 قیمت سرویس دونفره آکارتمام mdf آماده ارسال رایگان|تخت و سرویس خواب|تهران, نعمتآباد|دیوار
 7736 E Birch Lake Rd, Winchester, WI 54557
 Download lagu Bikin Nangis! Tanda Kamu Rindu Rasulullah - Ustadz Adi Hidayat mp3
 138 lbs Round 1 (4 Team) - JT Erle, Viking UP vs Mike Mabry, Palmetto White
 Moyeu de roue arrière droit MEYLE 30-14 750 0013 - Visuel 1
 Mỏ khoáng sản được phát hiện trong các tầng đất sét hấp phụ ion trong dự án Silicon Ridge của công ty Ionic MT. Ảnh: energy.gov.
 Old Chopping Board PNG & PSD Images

--

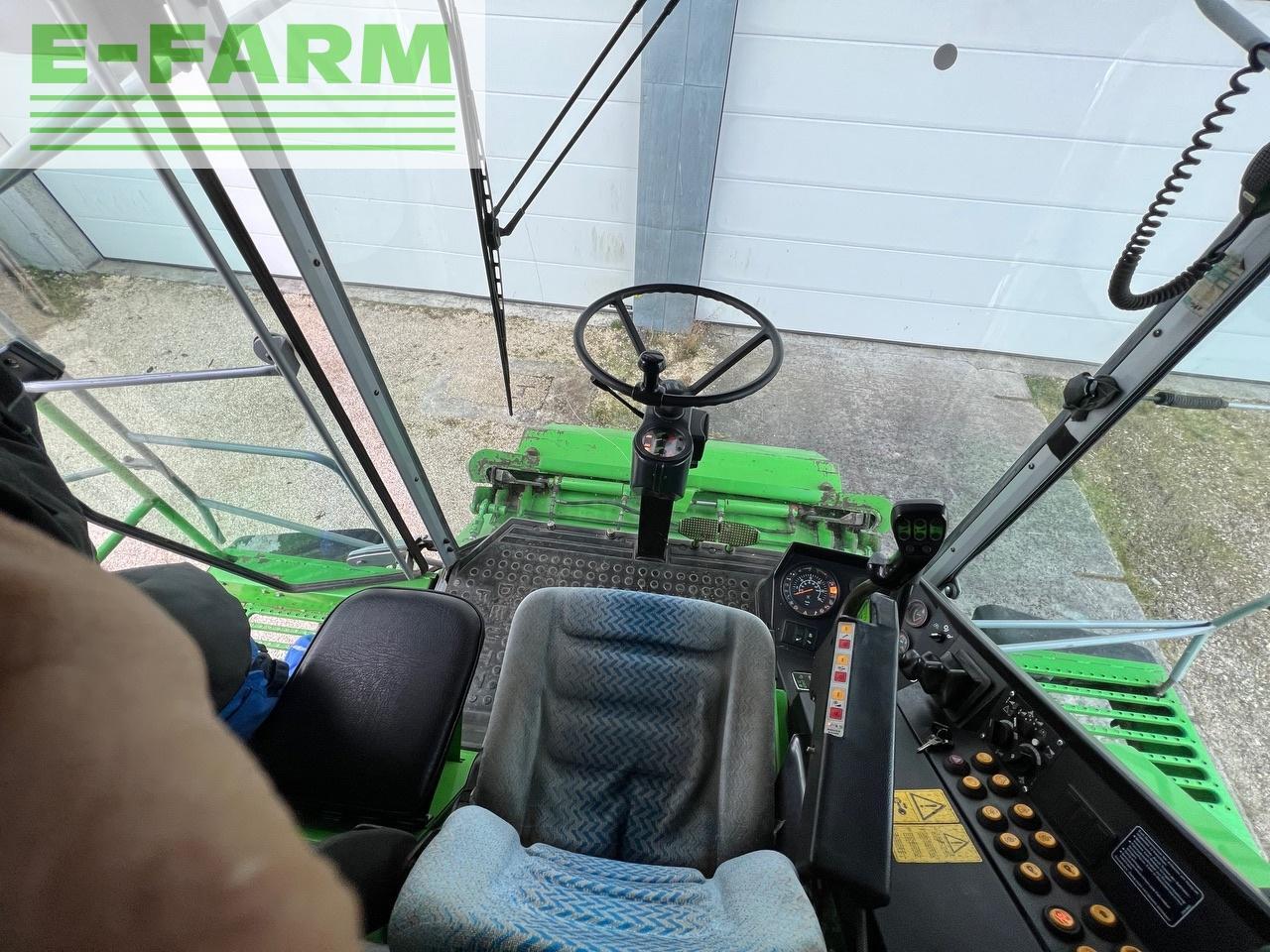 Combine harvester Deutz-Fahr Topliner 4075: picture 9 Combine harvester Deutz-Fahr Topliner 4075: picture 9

--

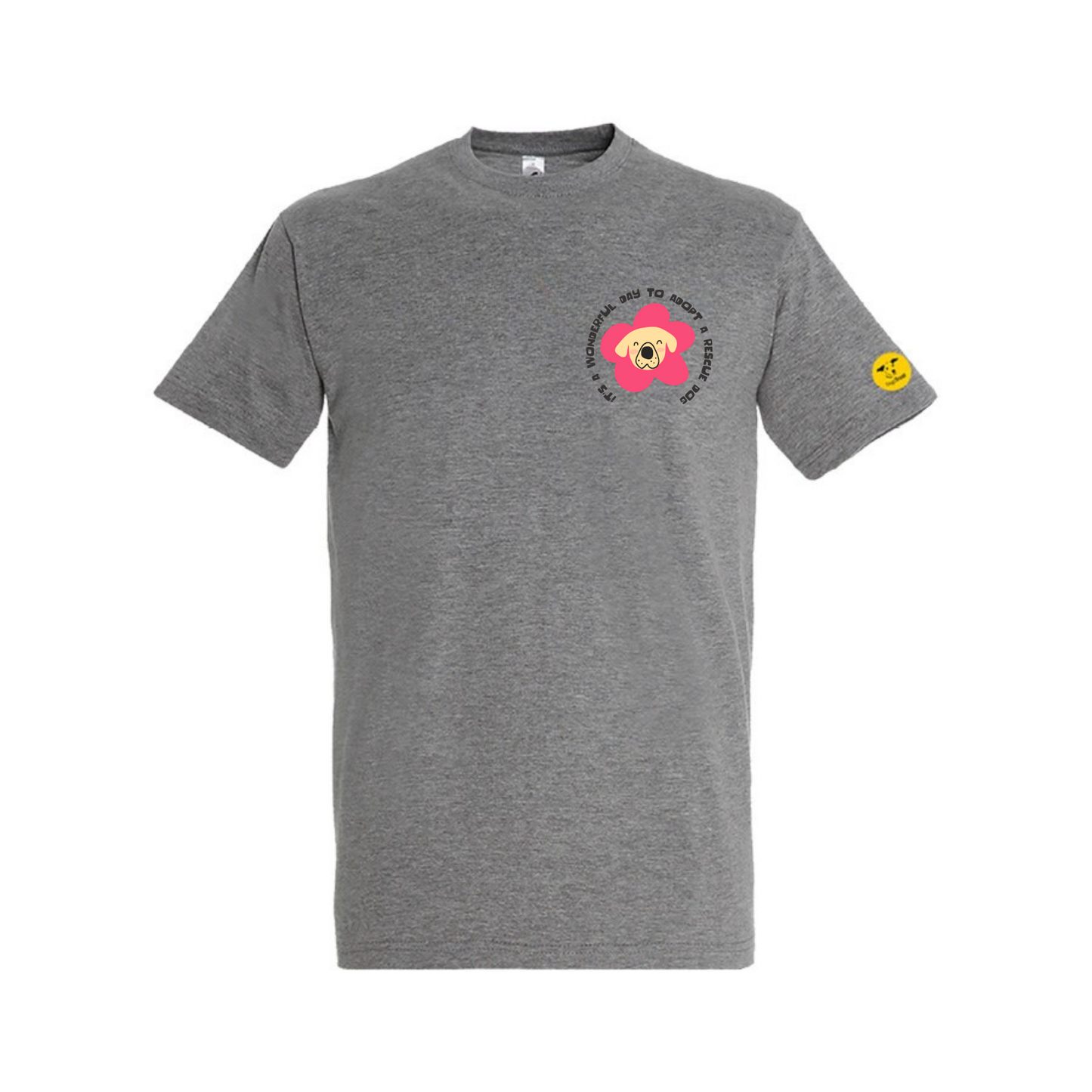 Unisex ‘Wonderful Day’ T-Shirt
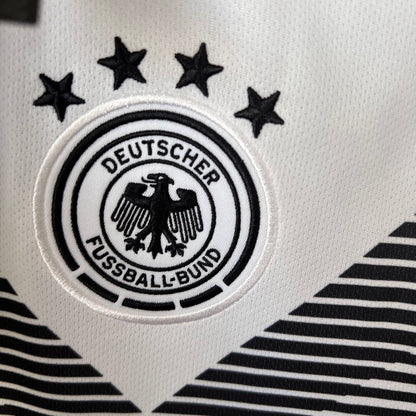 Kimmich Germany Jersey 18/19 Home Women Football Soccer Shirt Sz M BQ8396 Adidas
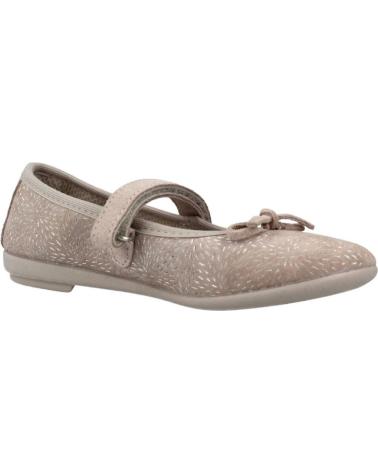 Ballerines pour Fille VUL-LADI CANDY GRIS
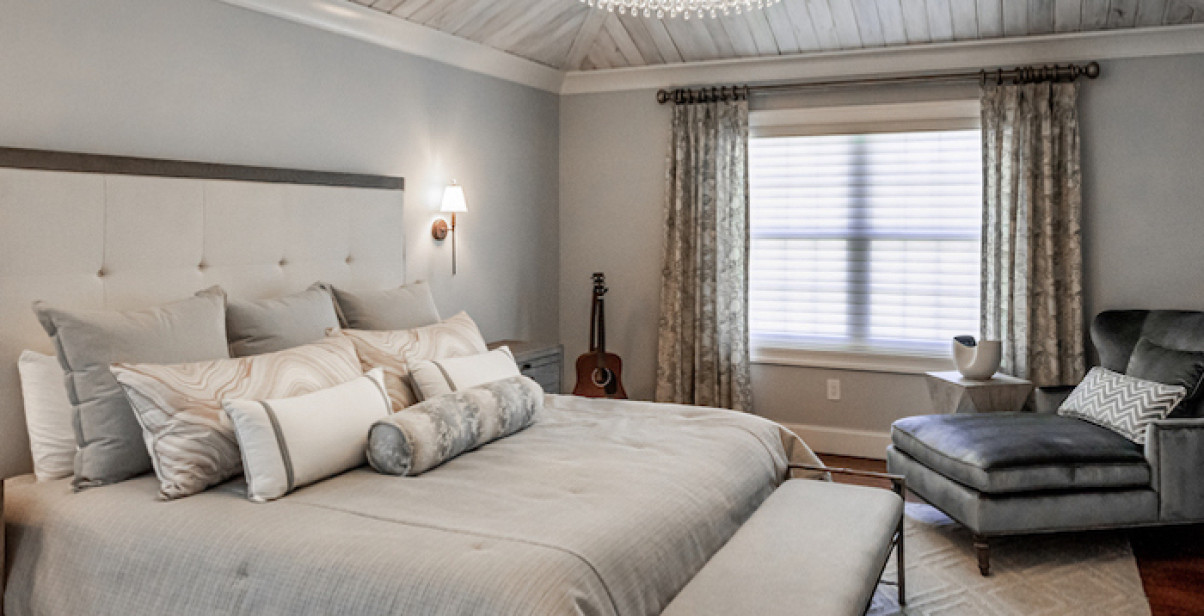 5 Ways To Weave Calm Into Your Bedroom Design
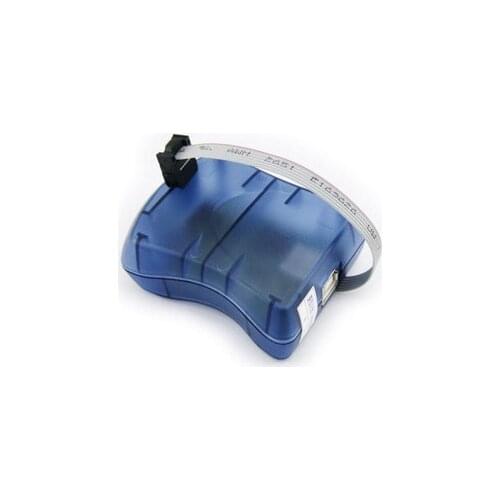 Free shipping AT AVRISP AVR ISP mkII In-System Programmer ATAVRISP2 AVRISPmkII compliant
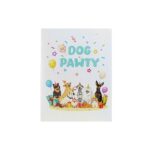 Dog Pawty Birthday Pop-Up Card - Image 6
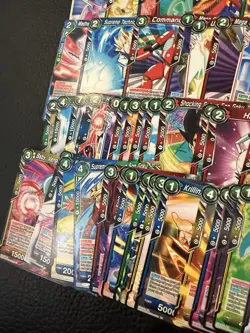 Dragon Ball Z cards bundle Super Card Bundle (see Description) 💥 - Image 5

--

• [TASK DESCRIPTION]
In the listing above, find the line containing "Unisex ‘Wonderful Day’ T-Shirt" and the line containing "Dog Pawty Birthday Pop-Up Card - Image 6", then print exactly those two lines and every line between them, minus the pictures.

• [REPLY]
 Unisex ‘Wonderful Day’ T-Shirt
 Kimmich Germany Jersey 18/19 Home Women Football Soccer Shirt Sz M BQ8396 Adidas
 Ballerines pour Fille VUL-LADI CANDY GRIS
 5 Ways To Weave Calm Into Your Bedroom Design
 Free shipping AT AVRISP AVR ISP mkII In-System Programmer ATAVRISP2 AVRISPmkII compliant
 Dog Pawty Birthday Pop-Up Card - Image 6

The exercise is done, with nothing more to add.